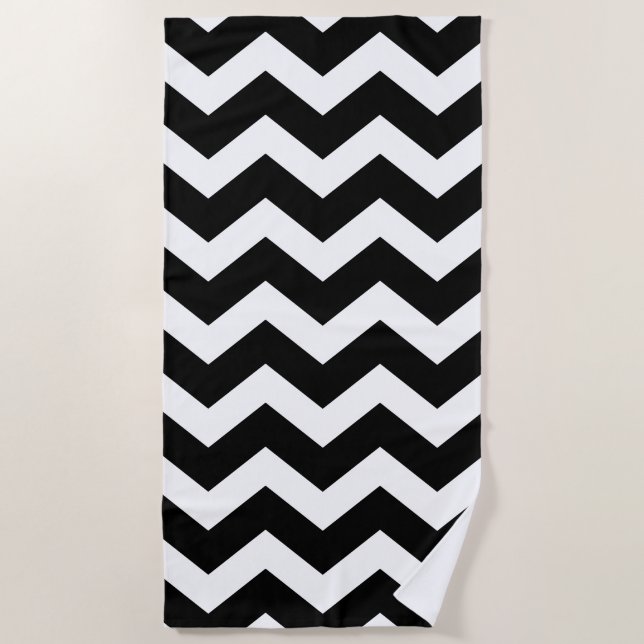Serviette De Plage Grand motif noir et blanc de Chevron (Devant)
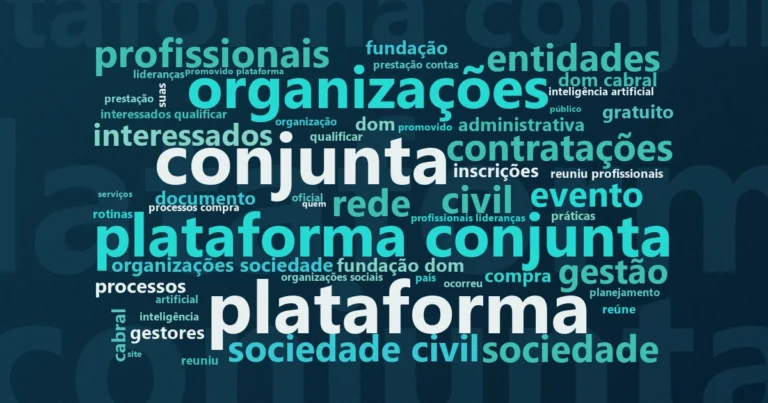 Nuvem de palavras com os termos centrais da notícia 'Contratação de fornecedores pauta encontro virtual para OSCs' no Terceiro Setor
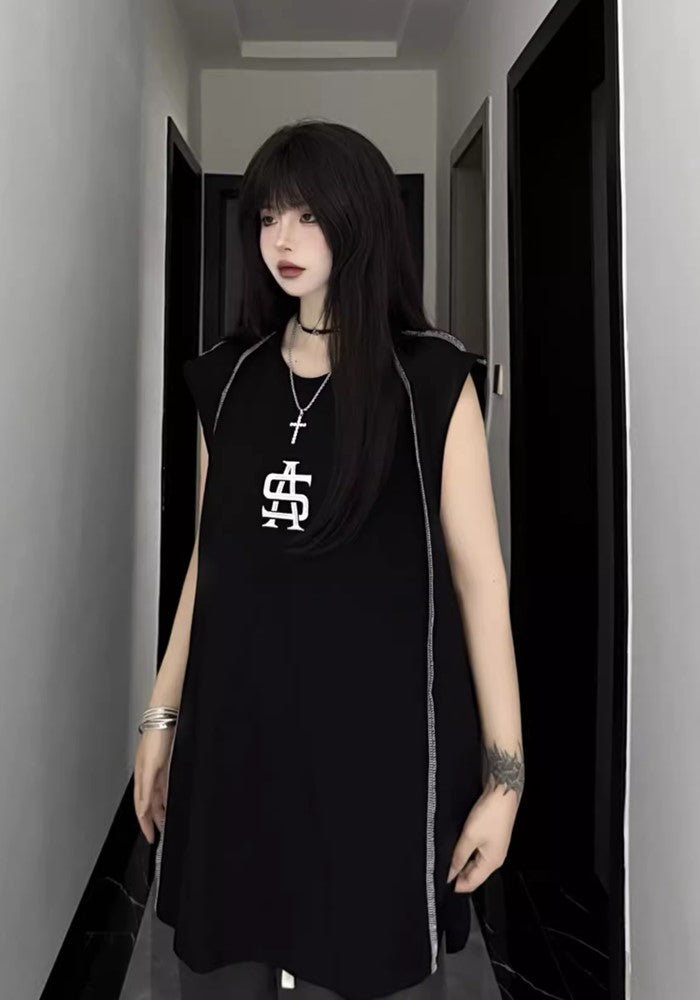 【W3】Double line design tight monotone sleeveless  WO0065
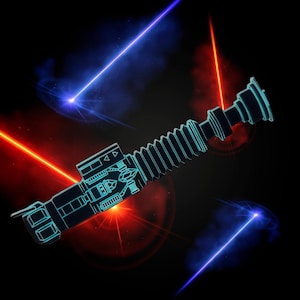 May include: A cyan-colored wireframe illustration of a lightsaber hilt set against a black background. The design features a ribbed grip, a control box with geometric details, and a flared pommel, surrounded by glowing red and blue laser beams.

REQUIRED WORK:
Would you output the data exactly, without any of its images?

RESULT FOR THIS TASK:
Serviette De Plage Grand motif noir et blanc de Chevron (Devant)
 Nuvem de palavras com os termos centrais da notícia 'Contratação de fornecedores pauta encontro virtual para OSCs' no Terceiro Setor
 【W3】Double line design tight monotone sleeveless  WO0065
 May include: A cyan-colored wireframe illustration of a lightsaber hilt set against a black background. The design features a ribbed grip, a control box with geometric details, and a flared pommel, surrounded by glowing red and blue laser beams.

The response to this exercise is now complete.